On September 11th, 1973, a U.S.-backed coup in Chile led by General Augusto Pinochet ousted Chile’s democratically elected president, Salvador Allende. Allende died in the palace on that day.
Ariel Dorfman talking:
It’s very strange. It’s as if history wanted me to be in both places and to somehow bring them together, juxtapose them, and find some meaning to this. I mean, one of the meanings, of course, is that it’s very ironic that the United States should be attacked on a Tuesday, September 11th, exactly the same date when the United States fostered a coup in Chile that bombed the presidential palace on a Tuesday, from the air, and also created such havoc. It’s a very ironic sort of juxtaposition.

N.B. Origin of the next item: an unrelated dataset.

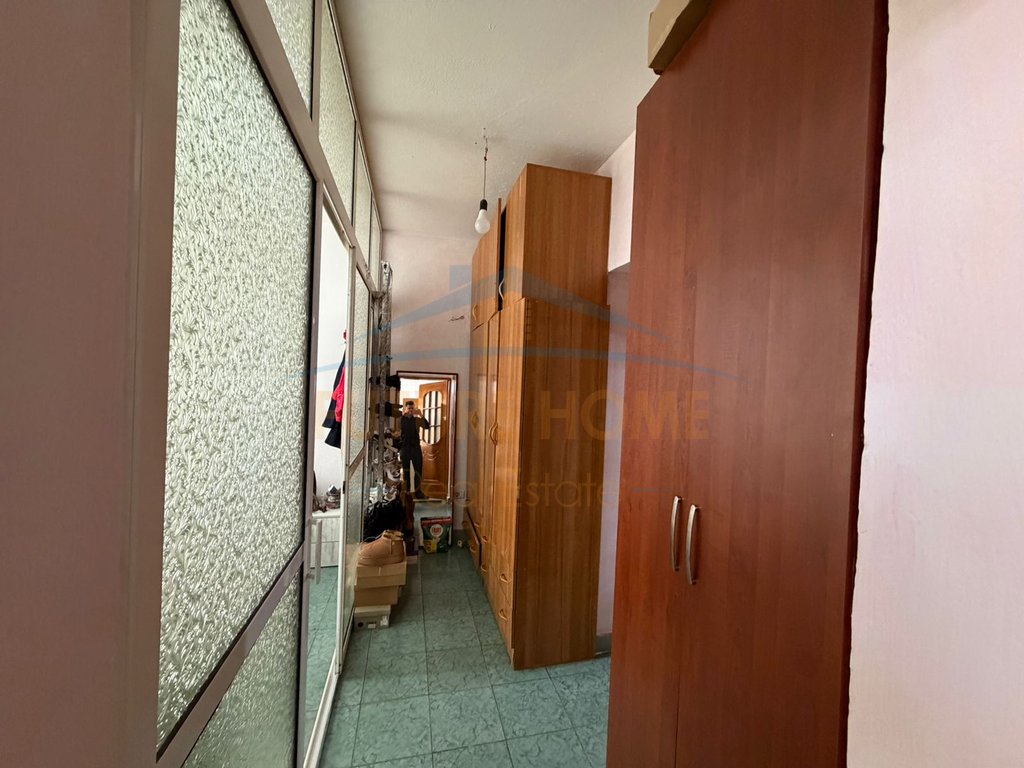 Shitet, Apartament 2+1+ Ambient Biznesi , Rruga Kongresi i Manastirit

But I’ve gone beyond the immediate sense of United States which creates coups around the world and terror around the world and then receives terror—undeservedly, in that sense, because, you know, there’s no reasons why the United States should have these horrors happen to it. But here’s the thing that I’ve gone beyond the mere juxtaposition here. Chile reacted to the terror that was inflicted upon us with nonviolent resistance. In other words, for instance, give you an example, we did not go and bomb Washington because Washington had ordered and helped to create the coup in Chile. On the contrary, we created a peaceful revolution against Pinochet. And if you contrast that to the United States, to what Bush did as a result of this very small band of terrorists, the results have been absolutely terrible. If this was a test—and I think great catastrophes are always tests of national values and national will—alas, the United States has failed that test terribly. If you look, I mean, at the results of September 11th, 2001, it has been just terrible what has happened.
that date of September 11th, 1973, was a date which was an infamous date, and yet nobody remembered it. Now they remember it sort of even less, because it’s been buried under the weight of September 11th in the most important country in the world.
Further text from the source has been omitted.